Spring has officially sprung here in the UK, so it’s getting warmer and sunnier, even though we had a solar eclipse today. It’s time to get out your cameras and get some images of the fresh flowers that have opened in the garden. If you do that on a sunny day you need to make a decision about where the light should be coming from. The classic way to photograph flowers is with the light coming from the front and hitting the petals quite flatly.
Take this daisy flower photographed with a short telephoto lens and an extension tube to let me focus closer. The bright sunlight has illuminated the petals well, and the background is nicely out of focus, but it’s not that exciting.

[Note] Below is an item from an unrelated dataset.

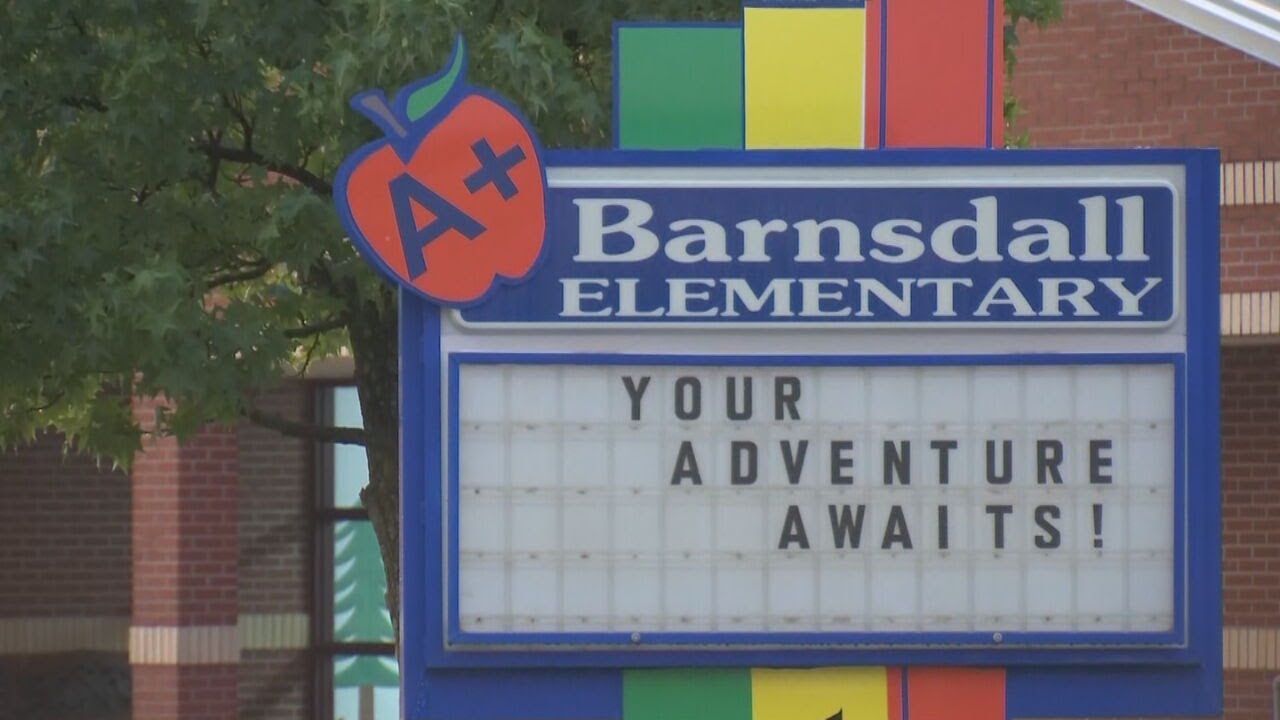 Barnsdall Schools Return To Class With New Backpack Rules YouTube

I wanted something with a bit more life to it, so I picked a daisy (we’ve got loads!) and held it at arm’s length so the sun was coming through the petals. The background is a hedge in shadow, so it’s come out very dark. It’s a much more interesting image, almost like it was shot in a studio, with the green sepals having lots of detail. The white petals are a little bit like a firework exploding.
I’ve used the same principle on the small yellow flower (Lesser Celandine?). It’s OK with the light straight on, but is very much a record type image. It’s dramatically improved with the dark background and the light coming through the petals.
An interesting effect with all these images is that there is some quite pronounced red fringing on the petals’ edges. This almost certainly because the lens wasn’t designed to be used with extension tubes, and was past the limits of its optical correction. I quite like it!
So, decide where you want the light to come from, make it happen, and you’ll get the best images.